The practice is perfectly legal and is not without precedent. The Reagans, for example, spent nearly every New Year’s Eve at the home of Mr. and Mrs. Walter Annenberg in Palm Springs, where the Clintons also have been guests. The Carters borrowed a house on Sea Island, Ga., but they paid rent.

“Only a fraction of Americans own vacation places,” observed Norm Ornstein, a specialist in political ethics at the American Enterprise Institute in Washington. He also pointed out that prior to the presidency, Clinton held the lowest-paid governorship in the country. Still, Ornstein said, “what makes some people uneasy is the same reason people are uneasy about the campaign finance system--the notion that you’re getting something from somebody.”

The Clintons may be houseless, but University of Pennsylvania architecture professor Witold M. Rybczynski said it would be wrong to think of them as homeless. “They have a home. It’s the White House. They’ve been there a long time,” said Rybczynski, author of “Home: A Short History of an Idea.”

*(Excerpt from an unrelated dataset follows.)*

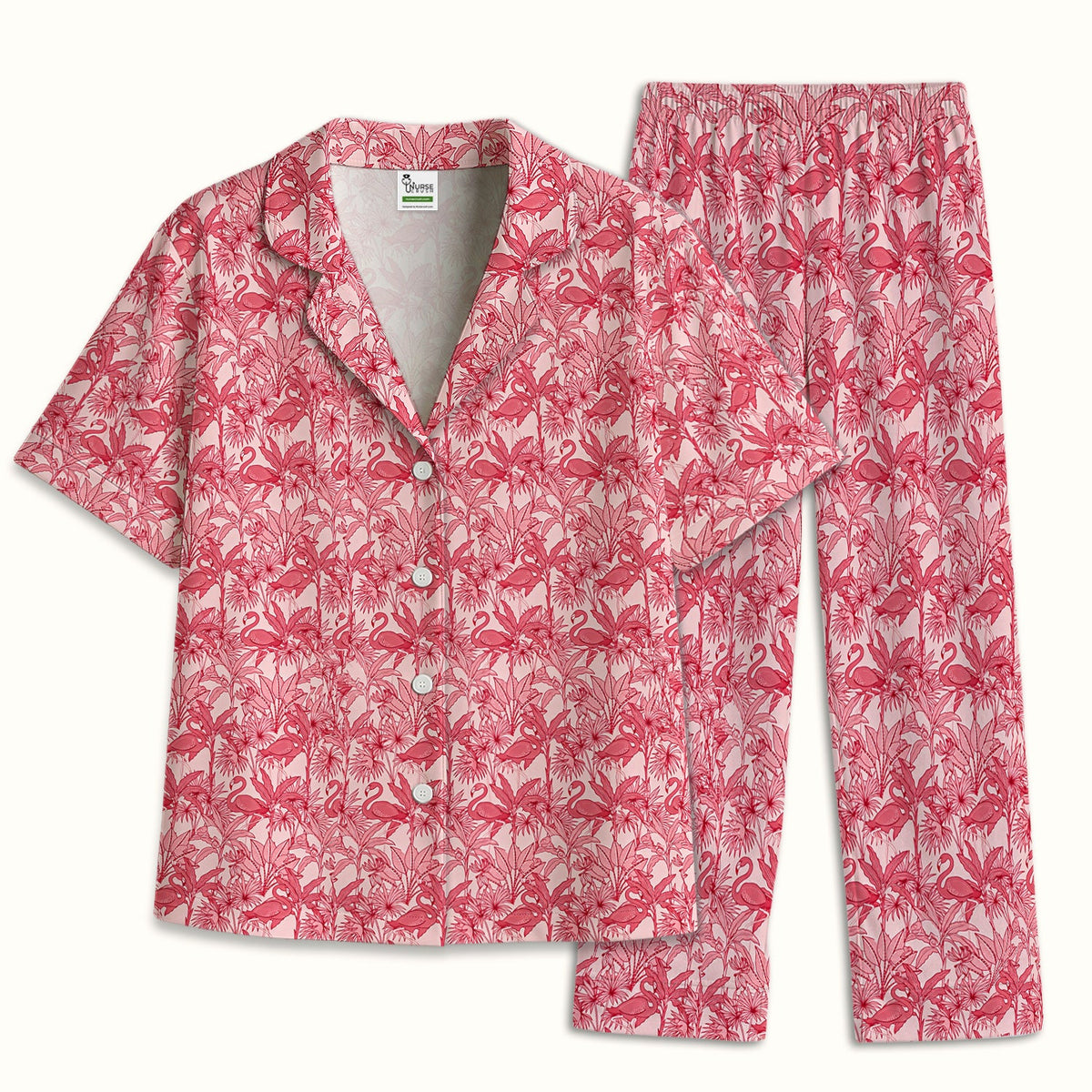 Tropical Flamingo Palm Leaves Pajama Set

Politicians are notoriously nomadic, Rybczynski noted, but for the public, the illusion of presidential rootedness remains important. “Think of Washington, Jefferson, Lincoln,” he said. “The president’s house is such a potent symbol in American history.” A summer house has an even more idyllic connotation. “It becomes a kind of anchor,” Rybczynski said.

The couple’s Whitewater experience also may suggest that real estate acumen is not the Clintons’ strongest trait--a quality now being tested as they finally shop for a home of their own in suburban New York.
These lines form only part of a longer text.